> _WORK ORDER_
Write out each line of the records that has "Vintage" in it.

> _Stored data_
##############################
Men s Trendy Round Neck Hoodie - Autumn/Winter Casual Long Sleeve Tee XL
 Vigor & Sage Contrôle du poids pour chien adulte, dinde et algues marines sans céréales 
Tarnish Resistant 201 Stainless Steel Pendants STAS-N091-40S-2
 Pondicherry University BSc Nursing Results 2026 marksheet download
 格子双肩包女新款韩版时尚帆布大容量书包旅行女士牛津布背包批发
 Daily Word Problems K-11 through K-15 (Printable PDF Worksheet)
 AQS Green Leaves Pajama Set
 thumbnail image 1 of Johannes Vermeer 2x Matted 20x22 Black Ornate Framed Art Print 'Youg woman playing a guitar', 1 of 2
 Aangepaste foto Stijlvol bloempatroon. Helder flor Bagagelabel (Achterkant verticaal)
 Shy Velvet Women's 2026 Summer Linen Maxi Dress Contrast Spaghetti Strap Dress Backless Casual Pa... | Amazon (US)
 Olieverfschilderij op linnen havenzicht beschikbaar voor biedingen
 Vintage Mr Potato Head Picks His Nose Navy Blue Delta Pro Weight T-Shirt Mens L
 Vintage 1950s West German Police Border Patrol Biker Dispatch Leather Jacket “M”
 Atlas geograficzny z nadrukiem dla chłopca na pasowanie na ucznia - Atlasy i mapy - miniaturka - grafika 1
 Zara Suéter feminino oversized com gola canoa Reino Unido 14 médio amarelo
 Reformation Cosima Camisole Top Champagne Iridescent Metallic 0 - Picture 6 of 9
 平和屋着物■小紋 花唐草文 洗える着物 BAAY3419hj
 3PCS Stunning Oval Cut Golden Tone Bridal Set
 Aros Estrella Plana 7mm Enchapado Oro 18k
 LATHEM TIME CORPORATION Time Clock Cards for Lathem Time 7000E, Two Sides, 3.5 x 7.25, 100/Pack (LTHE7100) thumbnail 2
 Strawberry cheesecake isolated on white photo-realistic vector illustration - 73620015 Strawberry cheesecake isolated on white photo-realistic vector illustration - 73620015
##############################
> _EXERCISE ANSWER_
 Vintage Mr Potato Head Picks His Nose Navy Blue Delta Pro Weight T-Shirt Mens L
 Vintage 1950s West German Police Border Patrol Biker Dispatch Leather Jacket “M”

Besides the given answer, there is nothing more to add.